Rather than embrace mobile specific marketing tactics, marketers have been more likely to just buy mobile advertising.

Only 27% of the 139 marketers studied in the "Present & Future of Mobile Marketing" report use push-based alerts, with even fewer (25%) utilizing real-time location-based marketing. Less than a quarter (22 %) said they use mobile as a community development tool.

As Velti CMO Krishna Subramanian said, marketers tend to make the mistake of viewing mobile solely as a way to reach users' eyes.

"When marketers are looking at mobile, they need to look at entire funnel and not just the top," he said, in an interview. "Once you get them there, how do you make money from them?"

Click to view the study

Subramanian added that marketing and advertising campaigns designed specifically for mobile are eight to nine times more effective at converting new customers. When marketers fail to create campaigns specially geared for mobile, they end up being "generic," Subramanian said.

Marketers lack a "mobile-first" mindset in terms of analytics as well.

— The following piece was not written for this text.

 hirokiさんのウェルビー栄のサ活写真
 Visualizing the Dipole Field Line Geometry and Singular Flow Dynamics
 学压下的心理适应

Despite mobile offering a slew of unique tracking and targeting opportunities, a majority of marketers continue to overlook them. Instead, marketers are using KPIs designed to measure desktop ads to assess the success of mobile marketing and advertising.

For instance, only 35% of the marketers studied track customers' opt-in/opt-out activity for mobile messages -- a metric specific to mobile marketing -- when determining the effectiveness of their mobile initiatives. That's almost half as many respondents (63%) who said they use traditional advertising engagement metrics like website traffic and visitor number to measure mobile ad campaigns.

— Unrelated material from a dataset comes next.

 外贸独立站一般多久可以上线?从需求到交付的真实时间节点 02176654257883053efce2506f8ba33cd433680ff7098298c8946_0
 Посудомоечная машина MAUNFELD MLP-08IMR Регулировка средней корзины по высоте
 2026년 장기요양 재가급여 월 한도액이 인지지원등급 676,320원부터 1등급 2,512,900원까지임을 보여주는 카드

Likewise, less than a third of marketers (30%) track app downloads and even fewer (29%) track mobile user retention rates. More than half (58%) of the marketers surveyed, however, said they use click-through rates, a metric designed for desktop computing, to gauge mobile advertising.

Not only have marketers fallen behind in the mobile space, most of them have yet to establish a cohesive long-term mobile strategy. A majority (59%) of respondents said mobile campaigns have only been short-term programs thus far and that they in the process of developing a longer-term plan. Another 7% said their focus has only been on the short-term and gave no indication of a long-term mobile strategy.

Meanwhile, marketers with experience in mobile are beginning to make more targeted decisions, with approximately a third of marketers now being able to target based on a user's location, household income, phone type and wireless carrier.

Mobile ad spending reached $2.61 billion in 2012 and is projected to more than quadruple to $11.87 billion in 2016, according to market research firm eMarketer.